The study demonstrates that while interprovincial trade helps alleviate land scarcity in importing provinces, it simultaneously intensifies scarcity in exporting provinces, often located in less-developed inland regions. Incorporating scarcity into footprinting (SLF) reveals spatial and role re-orderings not visible under traditional LF, highlighting how geospatial mismatches between cropland suitability and consumption create uneven burdens. The findings emphasize telecoupling of food systems across China and the need for hotspot-oriented and cross-border governance to align with SDGs (2, 11, 15). The SLF framework complements material and other environmental footprints by integrating local scarcity, offering a more realistic basis for policy instruments (e.g., adjusting agricultural layout, crop rotations, trading structures, efficiency measures) and for developing scarcity-aware boundary indicators at subnational scales. Identifying that ~38% of hotspots cross provincial borders supports the case for interprovincial mechanisms (e.g., requisition-compensation balance, trans-provincial cultivated land management) to coordinate resource flows and poverty alleviation.
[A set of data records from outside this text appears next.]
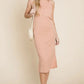 BOMBOM Ribbed Knit Sleeveless Midi Dress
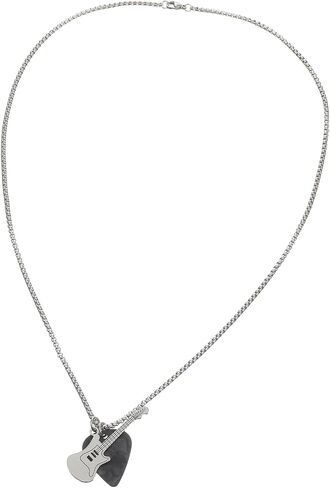 Guitar Pick Necklace for Women Men Silver Stainless Steel Music Pendant Necklace with Chain Y2K Grunge Punk Dangle Choker for Music Lovers Unique Gift for Musician Guitarist Birthday Retirement in Saudi Arabia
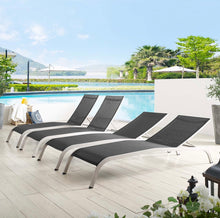 Load image into Gallery viewer, Savannah Outdoor Patio Mesh Chaise Lounge Set of 2 in Black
Overall, integrating scarcity changes the assessment of sustainability and equity of consumption, informing strategies to reduce land-use pressures while maintaining food security.

Conclusion

This work integrates land scarcity into MRIO-based footprinting to produce a scarce land footprint (SLF) and a trade-related land scarcity index (TLSI), mapped at 1 km resolution for China. It finds that LF and SLF are highly concentrated spatially, with ~38% of hotspots crossing provincial borders, and that traditional LF tends to overestimate scarcity relative to SLF for most areas. Net flows run from northern/inland producers to coastal consumers. Crucially, trade mitigates scarcity in importing provinces but disproportionately aggravates it in exporters, with notable role shifts when scarcity is considered (e.g., Anhui and Hunan). The study advances footprint accounting by embedding site-specific scarcity, informing SDG-aligned policies for land resource management, productivity optimization, and interprovincial collaboration. Future research should extend to time-series and global MRIO linkages, refine sectoral detail and scarcity metrics, and explore multi-resource nexus scenarios to support comprehensive sustainable development planning.

Limitations
  • MRIO model uncertainty: Results depend on the chosen Chinese provincial MRIO (three available for 2012). Monte Carlo analysis indicates disagreements <15.6% across databases, but uncertainty remains.
  • Temporal coverage: The analysis is cross-sectional (2012) due to data availability; time-series dynamics of LF/SLF and flows are not examined.
  • Sectoral aggregation: An aggregated agriculture sector may misestimate effects of efficiency improvements on virtual land flows.
  • Trade scope: International trade is excluded (foreign virtual land ≈9% of China’s total), limiting global perspective and cross-border scarcity assessment.
  • Scarcity metric simplifications: LSI (CL/SC) and land-use intensity per monetary output are coarse proxies; more explicit, productivity- and intensity-based metrics at grid scale are needed.
  • Data constraints: Lack of high-resolution environmental satellite and gridded consumption data limits precision of downscaling and hotspot attribution.
  • Nexus perspective: Interactions with other resources (e.g., water, energy) are not modeled; scenario analysis in a resource nexus framework is suggested for future work.